Elysa Gardner of USA Today listed it among the tracks to download while stating the song was enhanced by Aiko's soft vocals. James Reed of The Boston Globe wrote that Aiko adds an "airy sophistication" to the track. Jesse Cataldo of Slant Magazine praised Jhené Aiko for enlivening the song while also dismissing the lyrics as "weird' and "robotic". Mike Diver of Clash Music lauded Aiko's vocals, while noting that the song and "Hold On, We're Going Home" provide an "essential contrast" to the album's overall hip-hop soundscape. Andrew Unterburger of Popdust rated "From Time" three and a half stars out of five, praising it a necessary touch of "sweet and sentimental" while lauding Aiko's vocals as a "most welcome sound." Drew Malmuth of Pretty Much Amazing express an opinion similar to Diver's, commenting "The personal details and specific pieces of imagery are welcome in an album that can veer into the overly abstract."

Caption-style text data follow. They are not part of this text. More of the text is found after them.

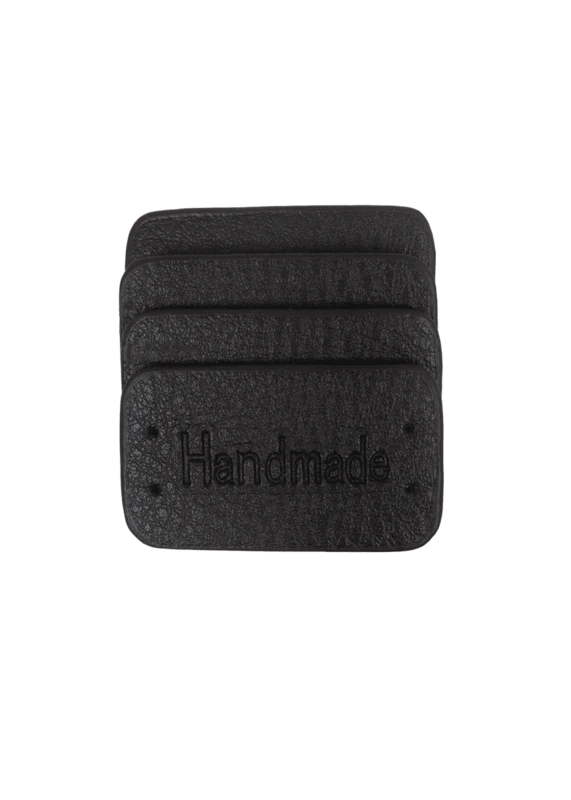 Go Handmade Handmade Label, 4 pcs: Black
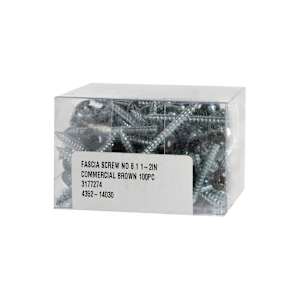 Comercial Brown Fascia Screws 1 1/2 in. n° 8 R.H. Pkg/100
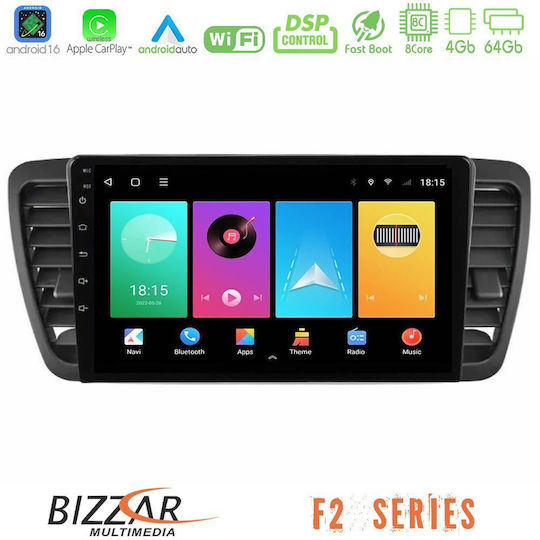 Bizzar Car Audio System for Subaru Legacy / Outback 2002-2008 (Bluetooth/USB/WiFi/GPS/Apple CarPlay/Android Auto) with 9" Touch Screen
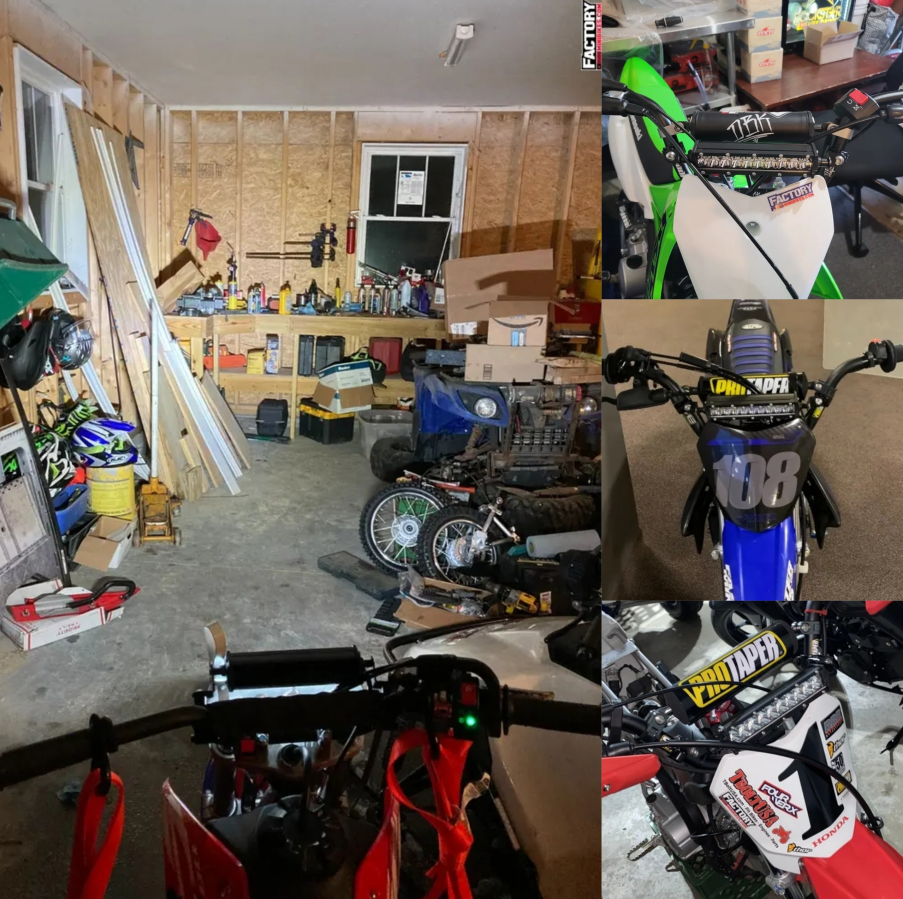 For KLX110 CRF110 TTR110 YZ250F LED Headlight Light Bar Lighting Kit Plug-N-Play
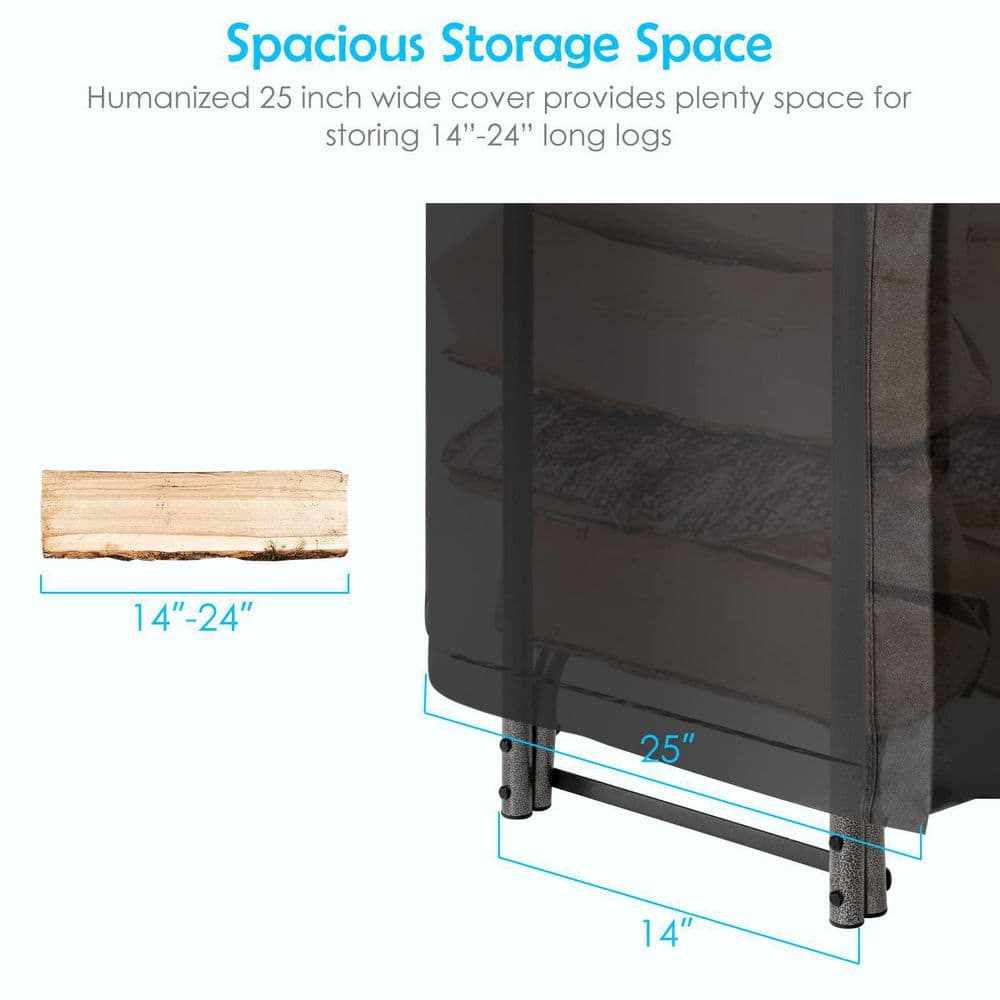 6 ft. Heavy-Duty Firewood Storage Log Rack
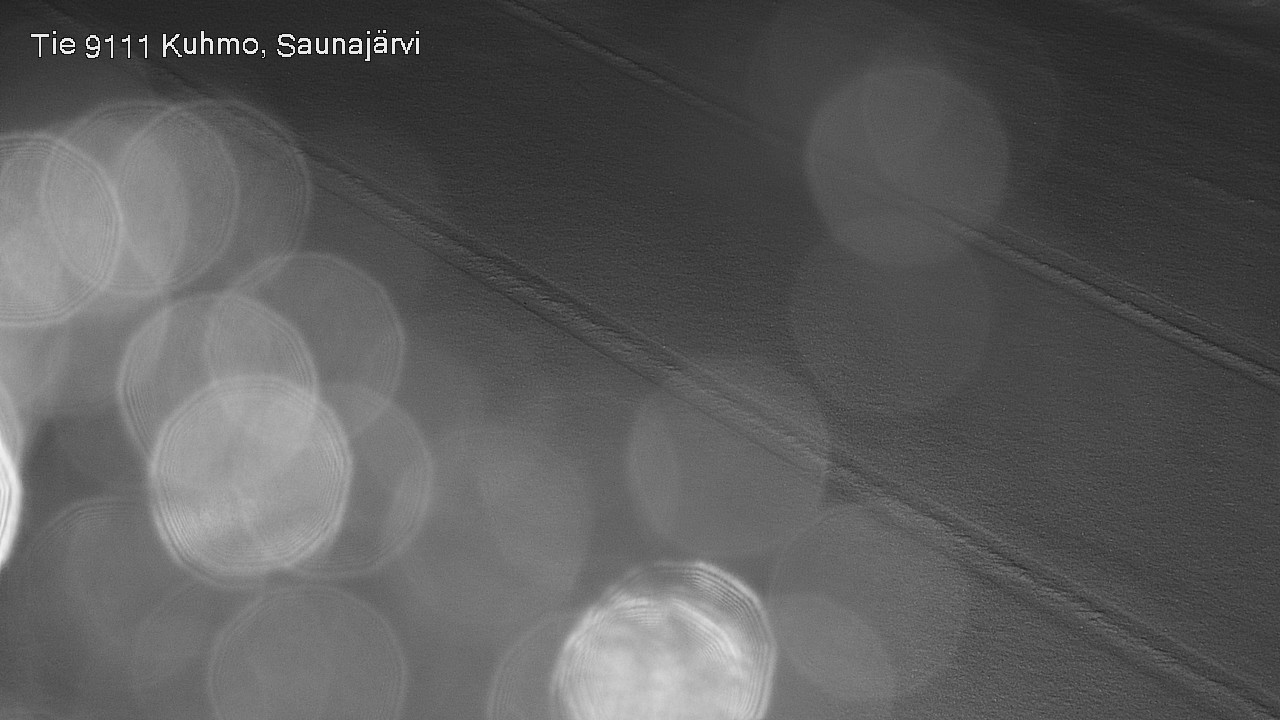 Weather Camera Image Road 9111 Kuhmo, Saunajärvi, Kuhmo, Kainuu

Jesal "Jay Soul" Padania of RapReviews noted its similarities to Drake's previous album Take Care (2011) in terms of sonics and called it "beautifully subdued." Jordan Mainzer of musicOMH said the song "shows not only Drake’s emotional improvement but his lyrical dexterity." Jake Jenkins of Absolute Punk commented that "From Time" and "Worst Behavior" display unforced confidence and vulnerability. Jenkins further wrote that Drake is "painting himself as a complex character with many sides to who he is, which is why the album comes across as such a varied project." American journalist Jody Rosen, writing for New York Magazines blog Vulture, noted how Drake's lyrics about "money and pussy and vacation" try not to sound boastful by rapping "about his feelings about money and pussy and vacation." Will Lavin of Gigwise dubbed the song the "perfect reminiscent record" while praising the song's setting and chemistry between the artists. Andrew Barker of Variety called the lyrics "incisive" and commented "Drake may tackle more universal themes than many of rap's earlier superstars, but on moments like these he's about as relatable as Kool Keith."

==Credits and personnel==
- Locations
- Recorded at Metalworks Studios in Mississauga, Ontario and The Yolo Estate in Hidden Hills, California
- Jhené's vocals recorded at Fisticuffs Gym in Culver City, California
- Mixed at Studio 305 in Toronto, Ontario

- Personnel

- Jhené Aiko - vocals, songwriting
- Travis Savoury Baka - background vocals
- Noel Cadastre - recording engineer
- Noel "Gadget" Campbell - mixing
- Drake - vocals, songwriting
- Chilly Gonzales - songwriting, piano
- Christian Plata - recording engineer
- Travis Sewchan - assistant recording engineer
- Noah "40" Shebib - songwriting, production, recording engineer, instruments
- Brian Warfield - recording engineer

Credits adapted from the liner notes of Nothing Was the Same, OVO Sound, Young Money Entertainment, Cash Money Records, Republic Records.

==Charts==
Upon the release of Nothing Was the Same, "From Time" appeared on several international charts based on the strength of digital downloads. The song debuted on the UK Singles Chart, dated October 5, 2013, at number 56. The song also debuted on the UK R&B Chart at number 13. In the United States, it entered the Billboard Hot 100 at number 68. The song fell to number 89 before leaving the chart altogether. In France, the song debuted at number 126 on the singles chart.

| Chart (2013) | Peak position |
|---|---|
| France (SNEP) | 126 |
| UK Singles (Official Charts Company) | 56 |
| UK Hip Hop/R&B (OCC) | 13 |
| US Billboard Hot 100 | 67 |
| US Hot R&B/Hip-Hop Songs (Billboard) | 26 |

==Certifications==

| Region | Certification | Certified units/sales |
| Denmark (IFPI Danmark) | Gold | 45,000^{‡} |
| New Zealand (RMNZ) | Platinum | 30,000^{‡} |
| United Kingdom (BPI) | Platinum | 600,000^{‡} |
| United States (RIAA) | Platinum | 1,000,000^{‡} |
^{‡} Sales+streaming figures based on certification alone.